I’m utilizing Supabase for my database and have crafted SQL queries to update specific table columns. I’ve established pg_cron jobs to automatically run these queries periodically. The application I’m working on is a job application platform that tracks fields such as total_jobs (the total job openings available based on subscription), jobs_applied (the number of applications submitted by a user), and available_jobs (the remaining job applications the user can make). The calculation I expect is that if a user subscribes to a plan offering 500 jobs and has submitted 50 applications, the remaining jobs should be 450, which is derived from the equation available_jobs = total_jobs - jobs_applied. However, I’m encountering issues in production; the available_jobs sometimes displays negative values or equals jobs_applied. For instance, if a user has applied for 27 jobs out of a total of 50, it occasionally shows available_jobs as -27 or 27, but it never accurately reflects the expected result of 23. I suspect there may be inefficiencies in my implementation, and as I’m not an SQL expert, I’m seeking advice on how to resolve these problems. Below is a simplified overview of my SQL structure and cron jobs designed to manage the metrics:

CREATE TABLE users (
  id SERIAL PRIMARY KEY,
  username TEXT
);

CREATE TABLE metrics (
  user_id INT REFERENCES users(id),
  total_jobs NUMERIC,
  jobs_applied NUMERIC,
  available_jobs NUMERIC
);

CREATE TABLE applications (
  user_id INT REFERENCES users(id)
);

CREATE TABLE plans (
  plan_id TEXT DEFAULT 'id_AAAAAAAAAAAAAAAAAAAAAAAA',
  user_id INT REFERENCES users(id)
);

INSERT INTO users(username) VALUES ('user1');
INSERT INTO metrics(user_id) VALUES (1);
INSERT INTO applications(user_id) VALUES (1), (1), (1);
INSERT INTO plans(user_id) VALUES (1);

-- Cron job to update jobs applied every hour
SELECT
  cron.schedule (
    '0 * * * *',
    $$
    UPDATE metrics
    SET jobs_applied = (SELECT COUNT(user_id) FROM applications WHERE applications.user_id = metrics.user_id);
    $$
  );

-- Cron job to update total jobs from plans every hour
SELECT
  cron.schedule (
    '0 * * * *',
    $$
    UPDATE metrics
    SET total_jobs = CASE plan_id
      WHEN 'id_AAAAAAAAAAAAAAAAAAAAAAAA' THEN 100
      WHEN 'id_BBBBBBBBBBBBBBBBBBBBBBBB' THEN 150
      END
    FROM plans
    WHERE metrics.user_id = plans.user_id;
    $$
  );

-- Cron job to calculate available jobs
SELECT
  cron.schedule (
    '0 * * * *',
    $$
    UPDATE metrics
    SET available_jobs = total_jobs - jobs_applied;
    $$
  );

Though this setup worked fine during development, I’m now facing these unexpected results in production and would appreciate any insight into improving my implementation.

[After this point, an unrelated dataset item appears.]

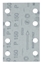 Attēls no Smilšpapīrs Makita E-23547; 80x130 mm; K150; 10 gab.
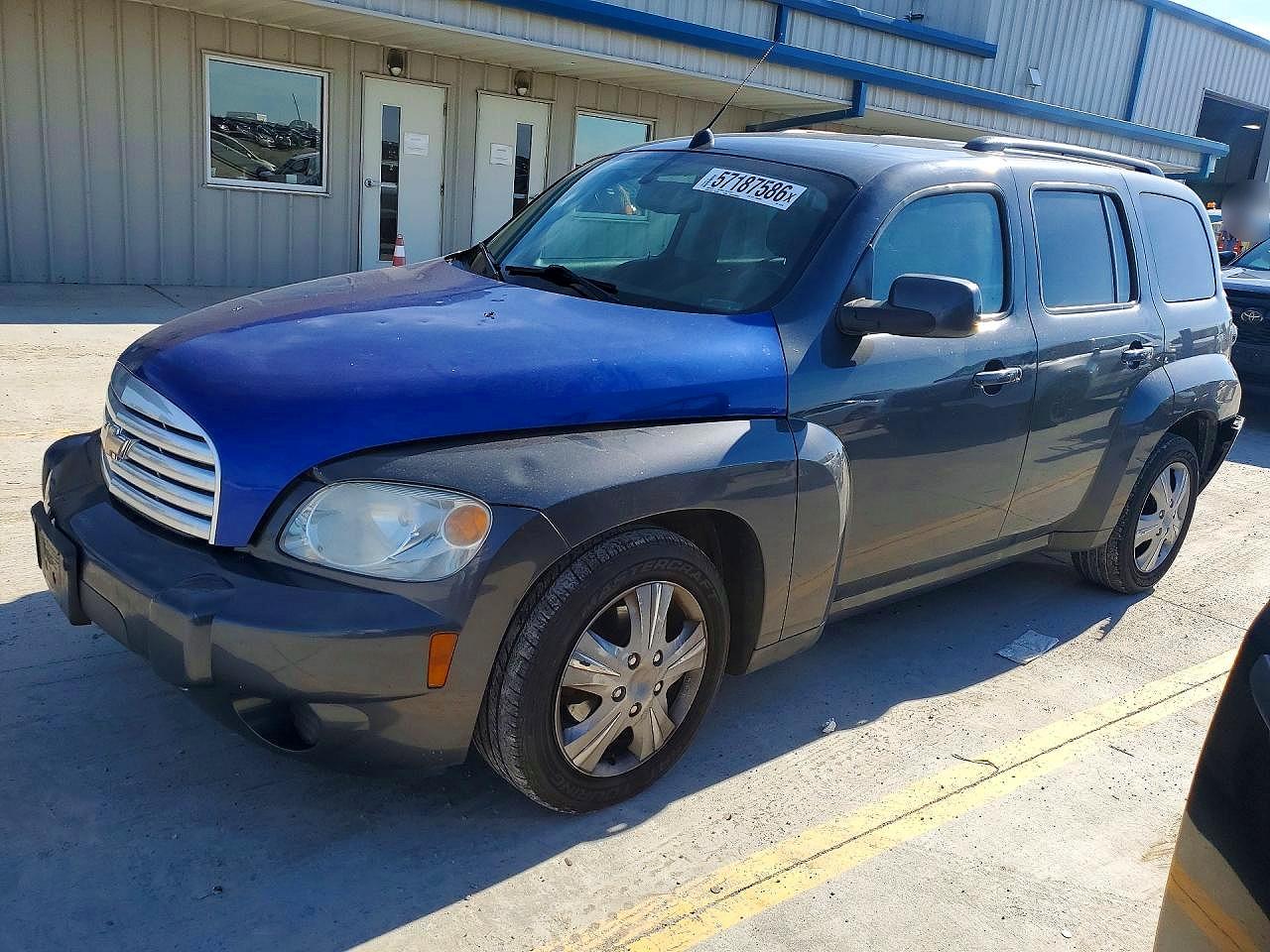 2011 Chevrolet HHR 1LT, VIN 3GNBABFW5BS579700 — Front end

Nova73 · January 28, 2025, 8:44pm

It is worthwhile to consider the possibility of stale or cached database states when debugging these issues in production. Double-check your database connection configurations and cache settings to ensure there is no delay or stale data that might be used in calculating available_jobs. Additionally, ensure that the cron jobs are not overlapping in execution time, which could cause contention and inconsistencies in the updates. You might also want to add logging to track the execution order and timing of these cron jobs, providing more insights into potential synchronization issues.

Haz_45Write · January 31, 2025, 8:28am

Discrepancies like negative values or mismatched logic in production can often arise from race conditions or transactional issues. Given that you’re relying on cron jobs that run at the same interval, a potential reason could be that changes are occurring in the database while these updates are being computed, leading to inconsistency. Consider using database transactions to ensure atomic updates across metrics updates, so all involved fields are computed and committed in a single operation. Additionally, monitor for any possible data corruption or unexpected data insertions into the applications table that might affect the calculations.

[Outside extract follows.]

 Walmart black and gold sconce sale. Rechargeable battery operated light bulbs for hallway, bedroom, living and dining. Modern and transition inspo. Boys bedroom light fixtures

Echo_Vibrant · February 1, 2025, 1:33am

Stupid question, but have you checked if there’s data type mismatch happening in your calculations? Sometimes, SQL operations misbehave due to type conversion, especially when dealing with numeric and integer data types. Verify everything aligns, maybe cast to ensure precision is explicitly given. Also, maybe try a bigger value initially?

Sophia39 · January 30, 2025, 1:30pm

Have you looked into the timing of your pg_cron jobs? Is it possible they’re running at different timings or not completing before the next starts, leading to incorrect data updates? timing issues might cause “incomplete” data visibility. Maybe investigating logs could provide hints. How frequently do you update “applications” record?